§ Task prompt
The answer must be an exact copy of every record below.

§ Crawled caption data
▬▬▬▬▬▬

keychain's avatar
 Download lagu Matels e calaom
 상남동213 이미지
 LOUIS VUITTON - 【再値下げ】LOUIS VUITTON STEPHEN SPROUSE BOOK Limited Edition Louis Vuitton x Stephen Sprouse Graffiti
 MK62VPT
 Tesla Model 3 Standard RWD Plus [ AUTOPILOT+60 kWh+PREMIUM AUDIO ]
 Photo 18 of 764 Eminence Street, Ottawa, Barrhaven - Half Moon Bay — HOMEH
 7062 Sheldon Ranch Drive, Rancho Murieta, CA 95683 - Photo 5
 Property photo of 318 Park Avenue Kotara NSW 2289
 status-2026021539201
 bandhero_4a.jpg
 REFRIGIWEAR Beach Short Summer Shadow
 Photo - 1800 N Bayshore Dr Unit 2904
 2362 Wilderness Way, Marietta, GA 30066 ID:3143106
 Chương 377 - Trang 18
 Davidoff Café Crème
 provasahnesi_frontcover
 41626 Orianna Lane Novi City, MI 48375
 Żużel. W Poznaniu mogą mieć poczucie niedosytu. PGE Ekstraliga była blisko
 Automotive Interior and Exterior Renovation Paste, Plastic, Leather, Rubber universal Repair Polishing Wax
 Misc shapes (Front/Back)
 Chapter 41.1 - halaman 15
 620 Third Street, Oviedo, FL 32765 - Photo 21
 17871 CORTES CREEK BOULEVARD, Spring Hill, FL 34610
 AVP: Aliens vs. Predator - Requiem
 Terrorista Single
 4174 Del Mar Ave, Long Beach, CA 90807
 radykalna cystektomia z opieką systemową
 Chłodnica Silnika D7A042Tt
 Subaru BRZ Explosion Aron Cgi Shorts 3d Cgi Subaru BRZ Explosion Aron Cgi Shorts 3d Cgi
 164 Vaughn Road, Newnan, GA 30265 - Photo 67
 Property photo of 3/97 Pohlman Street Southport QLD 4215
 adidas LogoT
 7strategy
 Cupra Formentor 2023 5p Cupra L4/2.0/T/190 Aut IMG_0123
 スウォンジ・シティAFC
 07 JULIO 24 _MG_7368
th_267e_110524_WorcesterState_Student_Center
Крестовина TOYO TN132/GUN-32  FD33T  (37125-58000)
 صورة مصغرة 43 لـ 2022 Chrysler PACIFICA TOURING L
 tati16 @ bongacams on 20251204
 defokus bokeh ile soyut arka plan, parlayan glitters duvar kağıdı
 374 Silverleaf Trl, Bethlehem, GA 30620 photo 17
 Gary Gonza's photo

▬▬▬▬▬▬

§ Solution to this exercise
keychain's avatar
 Download lagu Matels e calaom
 상남동213 이미지
 LOUIS VUITTON - 【再値下げ】LOUIS VUITTON STEPHEN SPROUSE BOOK Limited Edition Louis Vuitton x Stephen Sprouse Graffiti
 MK62VPT
 Tesla Model 3 Standard RWD Plus [ AUTOPILOT+60 kWh+PREMIUM AUDIO ]
 Photo 18 of 764 Eminence Street, Ottawa, Barrhaven - Half Moon Bay — HOMEH
 7062 Sheldon Ranch Drive, Rancho Murieta, CA 95683 - Photo 5
 Property photo of 318 Park Avenue Kotara NSW 2289
 status-2026021539201
 bandhero_4a.jpg
 REFRIGIWEAR Beach Short Summer Shadow
 Photo - 1800 N Bayshore Dr Unit 2904
 2362 Wilderness Way, Marietta, GA 30066 ID:3143106
 Chương 377 - Trang 18
 Davidoff Café Crème
 provasahnesi_frontcover
 41626 Orianna Lane Novi City, MI 48375
 Żużel. W Poznaniu mogą mieć poczucie niedosytu. PGE Ekstraliga była blisko
 Automotive Interior and Exterior Renovation Paste, Plastic, Leather, Rubber universal Repair Polishing Wax
 Misc shapes (Front/Back)
 Chapter 41.1 - halaman 15
 620 Third Street, Oviedo, FL 32765 - Photo 21
 17871 CORTES CREEK BOULEVARD, Spring Hill, FL 34610
 AVP: Aliens vs. Predator - Requiem
 Terrorista Single
 4174 Del Mar Ave, Long Beach, CA 90807
 radykalna cystektomia z opieką systemową
 Chłodnica Silnika D7A042Tt
 Subaru BRZ Explosion Aron Cgi Shorts 3d Cgi Subaru BRZ Explosion Aron Cgi Shorts 3d Cgi
 164 Vaughn Road, Newnan, GA 30265 - Photo 67
 Property photo of 3/97 Pohlman Street Southport QLD 4215
 adidas LogoT
 7strategy
 Cupra Formentor 2023 5p Cupra L4/2.0/T/190 Aut IMG_0123
 スウォンジ・シティAFC
 07 JULIO 24 _MG_7368
th_267e_110524_WorcesterState_Student_Center
Крестовина TOYO TN132/GUN-32  FD33T  (37125-58000)
 صورة مصغرة 43 لـ 2022 Chrysler PACIFICA TOURING L
 tati16 @ bongacams on 20251204
 defokus bokeh ile soyut arka plan, parlayan glitters duvar kağıdı
 374 Silverleaf Trl, Bethlehem, GA 30620 photo 17
 Gary Gonza's photo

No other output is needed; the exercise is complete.